There are already plugins existing for Discourse. For example we used the dropbox-plugin to understand the structure of a plugin and how it is built. The best way to start is to learn how to install plugins first. There is a great tutorial on that on Discourse Meta as well. You might try that first.

Setting up Github

In order to create your own plugin, you will need to create your own folder inside the discourse/plugins folder and give it a good name. To keep track of your own progress there you can navigate (in the Terminal) into your plugin folder and initialize it as a new github repository with git init and push it to a new github repository. This is also good to share your current code with others. If you want, you can also create branches for working on different issues in your plugin and only commit things to the master that are actually working.
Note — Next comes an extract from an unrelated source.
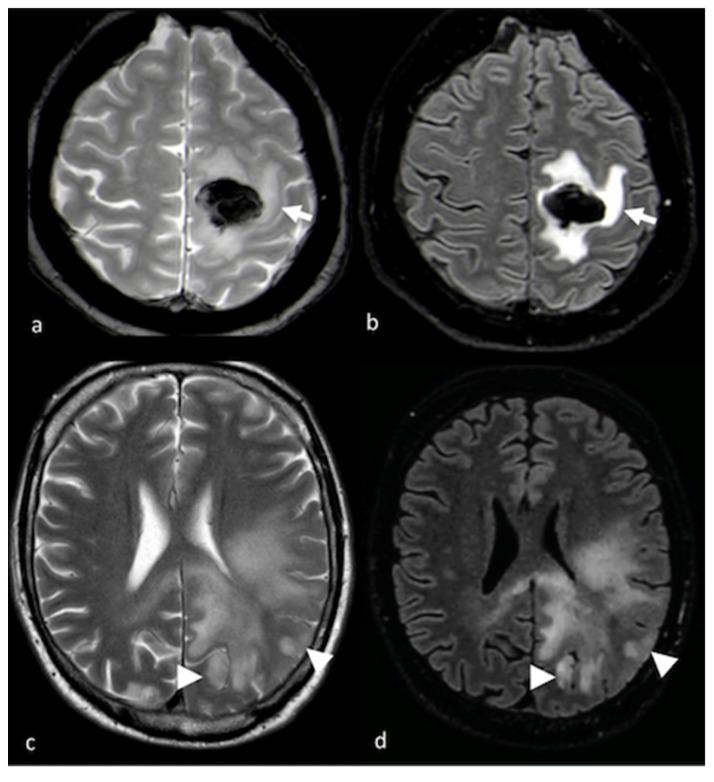 https://cdn.ncbi.nlm.nih.gov/pmc/blobs/7d9f/10252005/a78cc195e6e2/cancers-15-02992-g001.jpg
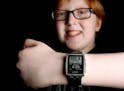 Joe Bensing, 14, has Type 1 diabetes and wears a Pebble smartwatch that displays data from a Dexcom continuous glucose monitor.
The Structure of a Backup Plugin

In Discourse, the Backup is a defined model called backup.rb. Read through it in order to understand how the backup in Discourse actually works. By default Discourse is doing the backup to s3. But there is a hook method inside the class that makes it possible for the plugin to interfere and overwrite the method. We followed Falco's way and did it like the dropbox-plugin by using the method .class_eval on the class Backup. This all happens inside the plugin-folder in a file called plugin.rb.
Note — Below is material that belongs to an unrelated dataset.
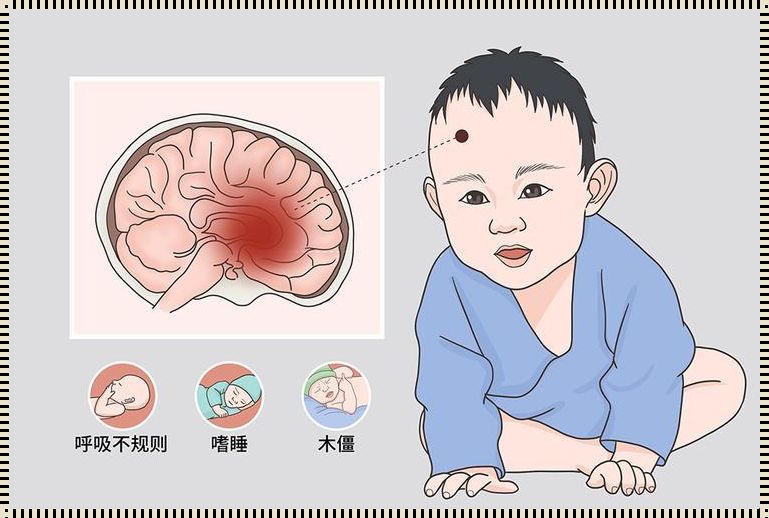 新生儿脑出血怎么判断：守护宝宝健康的秘诀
If you want to know more about how the Discourse app is handling plugins, there is a lot of internal file junlge in Discourse to explore. There are files calles instance.rb and site_setting.rb and many more, that play a role in handling the plugins. 
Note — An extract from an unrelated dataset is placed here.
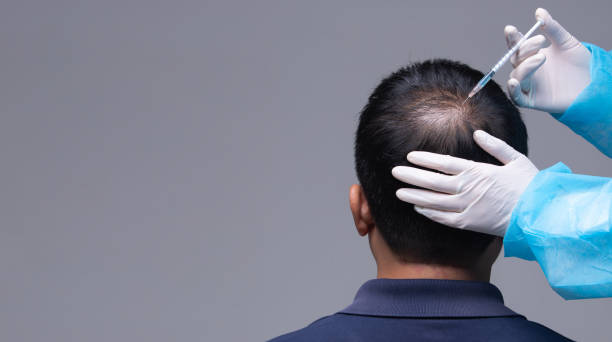 Protecting The Scalp From Hair Damage Through Hair Transplant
The actual backup is wrapped in a Job, that we (after Falco) called a synchronizer. The synchronizer is where the actual API code from the provider goes. For us that was Google Drive. In order to make everything work, we first had to understand the API and also install the google_drive gem. After that we also had to install other depending gems, because the discourse-bundler doesn't work inside the plugin. This is a bit of manual work, but it's also neccessary.